(1972)
Director: Brad F. Grinter & Steve Hawkes
Starring Steve Hawkes, Heather Hughes, Dana Culliver, Tina Anderson, Brad F. Ginter, Randy Grinter
If there ever was a movie that defines what a “turkey movie” is, this is it. This has to be one of the strangest and most bizarre pictures ever to grace the silver screen. It is one that while you’re watching it, you stop and wonder if what you’re actually seeing is happening. Or if you’re with others, look over to them to make sure they just saw the same thing!
Here’s the basic plot: Herschell, a Viet Nam vet, comes riding into town on his motorcycle, and meets up with a young girl named Angel. She invites him back to her house, but before they go in, she warns Herschell of his sister that his having one of her “drug parties” with her friends. While Angel is changing clothes, her sister tries to put the moves on Herschel, offering him drugs as well, which he declines both. The sister returns to start preaching the gospel to her new friend and some of the “drug party” members, which oddly enough doesn’t go over too well. Soon after, the Herschell gets a job at the turkey farm owned by her father, doing odd jobs, which includes taste-testing some turkeys that have been ‘experimented’ on. Before we know it, Herschell turns into a turkey-headed monster that kills people and drinks their blood. Yes…a man with a giant turkey head. That’s the movie.

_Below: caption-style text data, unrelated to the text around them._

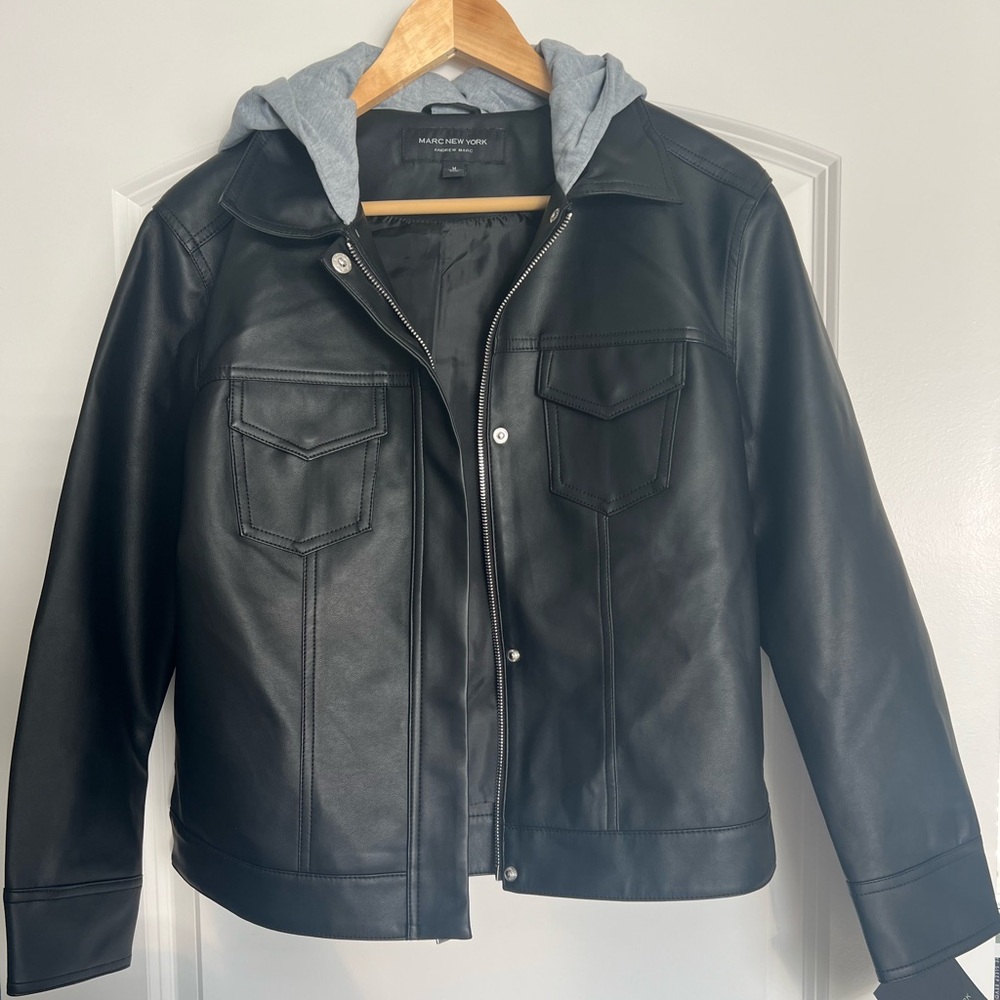 NWT Womens Marc New York Black Hooded Faux Leather Moto Jacket - medium
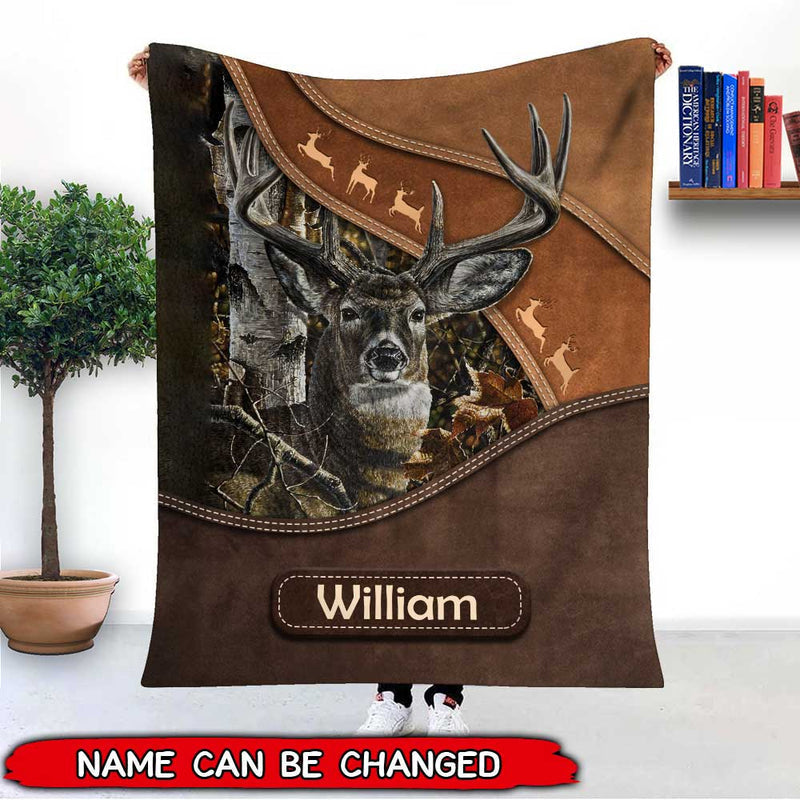 Blisscorners Personalized Deer Hunting Enter Your Name Leather Pattern - Blanket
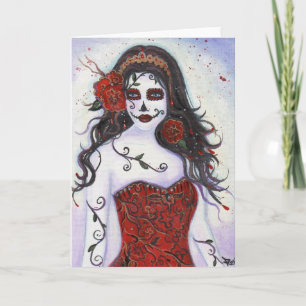 Loretta Day of the dead Card by Renee Kort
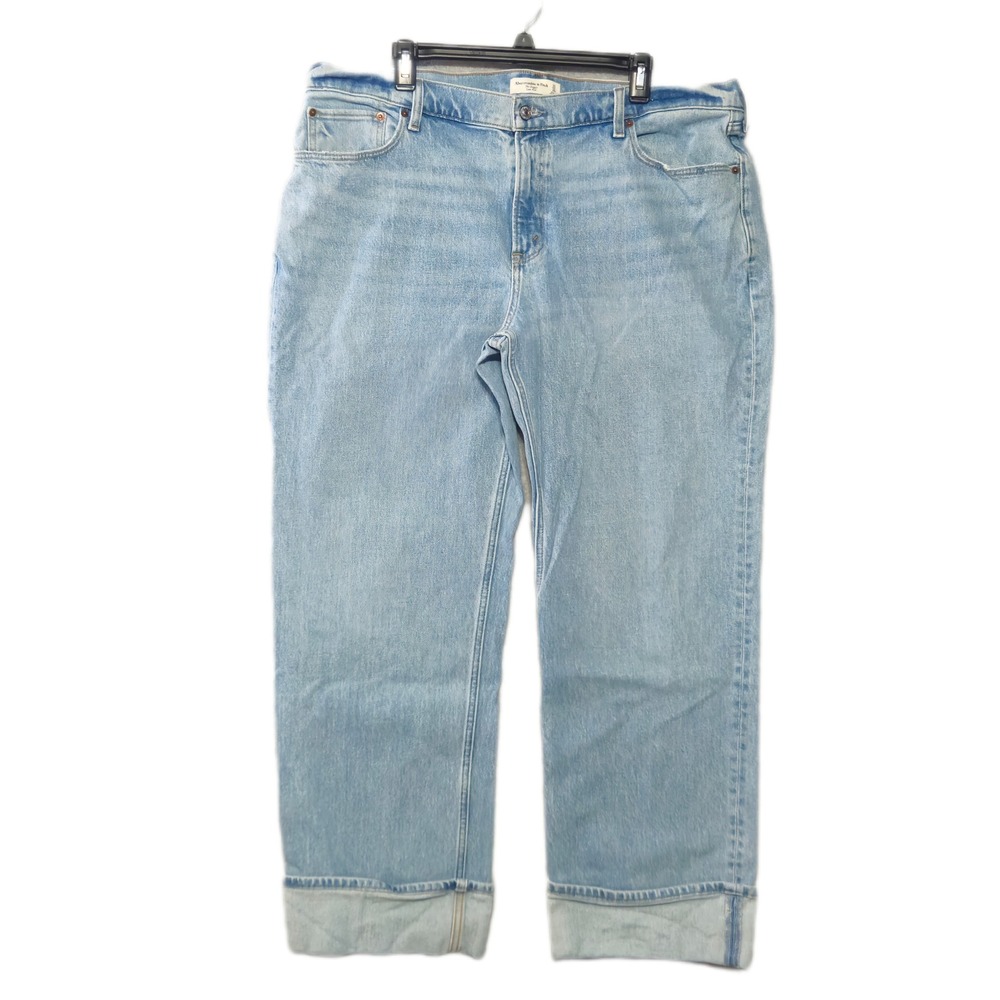 Abercrombie & Fitch The Baggy Low Rise Jeans Womens 33/16 Light Wash Wide Leg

Or…that’s part of it. Because throughout the entire movie, we cut to a narrator who discusses and informs the audience what is happening on screen. He also preaches about the evils of doing drugs and putting harmful chemicals in your body, all the while he is chain-smoking cigarettes. So much so that at one point, he goes into a coughing fit where he can barely talk!
This was made in the early ’70s and on a very small budget, with very few if any real actors in front of the camera, aside maybe from Steve Hawkes who plays Herschell and the narrator, played by Brad Grinter, who both directing the film as well. And I use the term “real actors” very loosely. But even the profession that Grinter is, he is constantly looking down and reading his script, not to mention most of the other cast doing the same.

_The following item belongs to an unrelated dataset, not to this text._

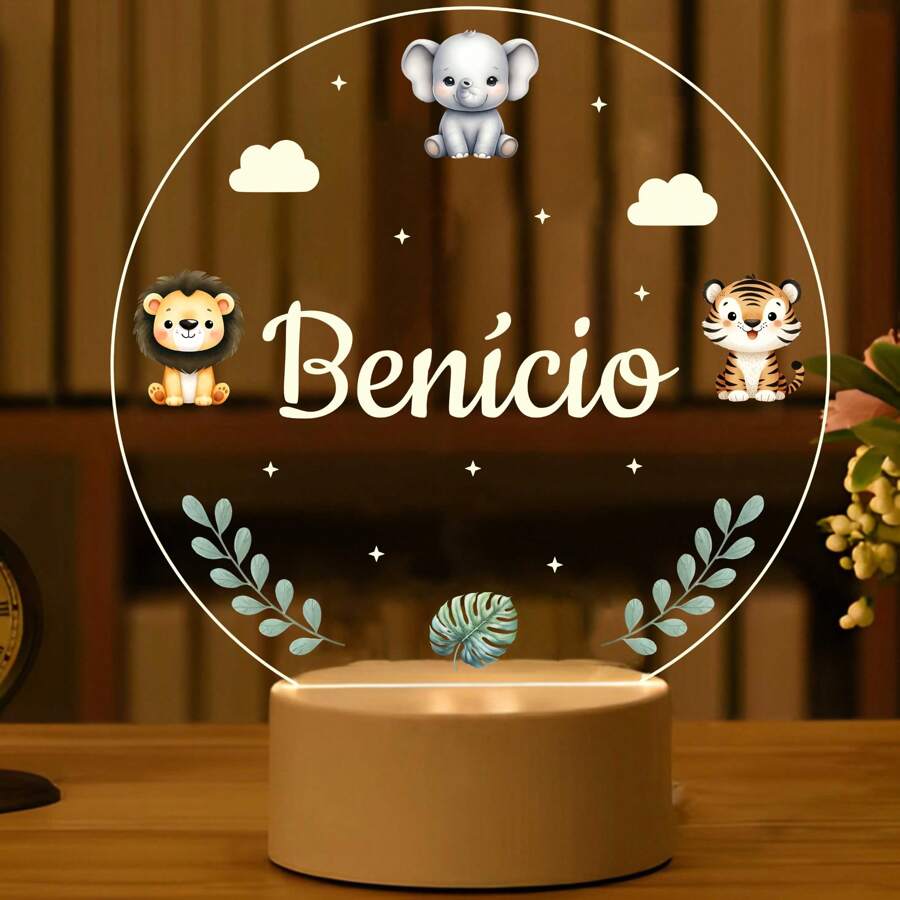 Luminária Safari LED Personalizada nome Criança, Decoração, Bebê, Presente, Leão, Girafa, Elefante, Zebra - Branco Quente - Visão 1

Hawkes had made a couple of Tarzan movies in Spain before really moving into obscurity. He was burned in an onset accident which you can sort of see the damage in this film. 35 years later, he came back to the film world (or video world) by making two even more cheesy films. He spent his later days running an animal sanctuary in Florida before running into trouble when one of his tigers escaped and was killed by authorities.
Brad Grinter was known for the exploitation market in the Florida area, both directing and acting in a few films. He directed Flesh Feast, starring Veronica Lake, and Devil Rider!, both films from 1970. He also directed and acted in a couple of nudist films, Never the Twain and Barely Proper, both in 1975.
The most impressive part of this film was that it was actually financed by a religious group to show the evil ways of drugs, which is probably why the “drug party” looks like something they figured it would be like back then. Of course, there is no nudity here, other than a quick butt shot, but surprisingly there is a bit of gore, which will surprise the viewer. In one sequence, a band saw is used during a fight with the turkey monster, and it doesn’t end well for one of them. Upon my first viewing of this, I was blown away when this happened since I was not expecting something so graphic.
But it makes total sense that Grinter & Hawkes made the film they were hired to make. So, the decision to make the monster a guy with a turkey head mask on, as if he had really transformed into this monstrosity, makes complete and total sense. It sure doesn’t feel like they are trying to make any real lasting art here, but a quick exploitation film, which is exactly what it is. In fact, it’s more than that. Maybe it’s just the absurdity of it, the crazy mask, or that our narrator (and co-director) never thought about just reshooting the part where he’s damn near coughing up a lung while trying to get through his speech! But all of that is what makes it so damn fun.
Unfortunately, while this film has been released on DVD by Something Weird Video, it has never gotten a nice, upgraded treatment to Blu-ray. Maybe one day someone will come across an actual 35mm film print or negative and we’ll get to see a remastered print in 4K… one can only hope. It needs it because a lot of the night sequences were really filmed at night and is very muddled and dark, making it hard to see what is going on in some parts.
Until that time, I’m pretty sure you can either find a copy online or that Something Weird DVD. Because if you’re a fan of weird and wild cinema, this HAS to be in your collection. And if you want to start your own Turkey Day Marathons, then this film needs to be in that first lineup. I would advise getting a few other like-minded cinephiles to join in the viewing to make it even more mind-bending and enjoyable.